Life and Labour in Newfoundland: Based on Lectures delivered at the Memorial University of Newfoundland
This study of Newfoundland is a brilliant combination of first-hand observation, and of research into fascinating source materials. Professor Fay made tours of Newfoundland and of Labrador and examined documentary material in London and the West Country. Both his observations and his source-material are fresh and stimulating, and he writes in his usual lively provocative style.
Professor Fay relates the economic history of Newfoundland to the seafaring and commercial background of the Island's first inhabitants. Many parallels can be drawn between life in early Newfoundland and in the west of England where the enterprises which first discovered Newfoundland and its resources were founded. Despite legal restrictions on the growth of permanent settlements, Newfoundland developed inexorably from a simple fishery to a full-fledged colony. And just as Newfoundland could not help its progression from fishery to established settlement, so today it is inevitably pressing towards industrial maturity.

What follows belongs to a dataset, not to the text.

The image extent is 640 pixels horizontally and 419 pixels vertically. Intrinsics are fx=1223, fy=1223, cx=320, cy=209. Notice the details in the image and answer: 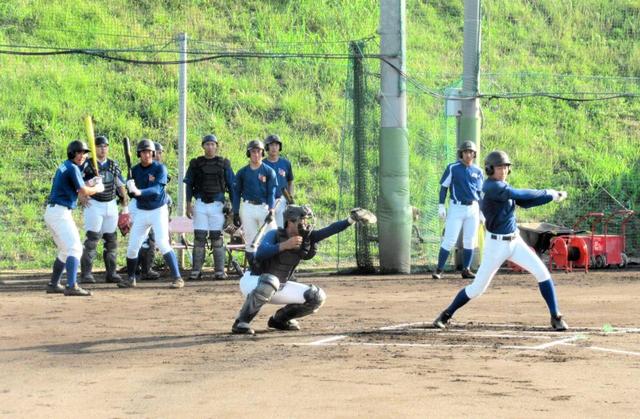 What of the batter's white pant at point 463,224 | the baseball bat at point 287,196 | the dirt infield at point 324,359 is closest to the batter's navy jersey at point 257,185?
the baseball bat at point 287,196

The material in this volume is based upon a series of lectures first delivered in 1953 at Memorial University, St. John's Newfoundland.
- Series: Heritage
- World Rights
- Page Count: 262 pages
- Dimensions: 5.5in x 1.0in x 8.5in
Charles Ryle Fay (1884-1961) was a Reader Emeritus in Economic History, Cambridge, and formerly Professor of Economics at the University of Toronto. He is the author of many notable volumes in political history.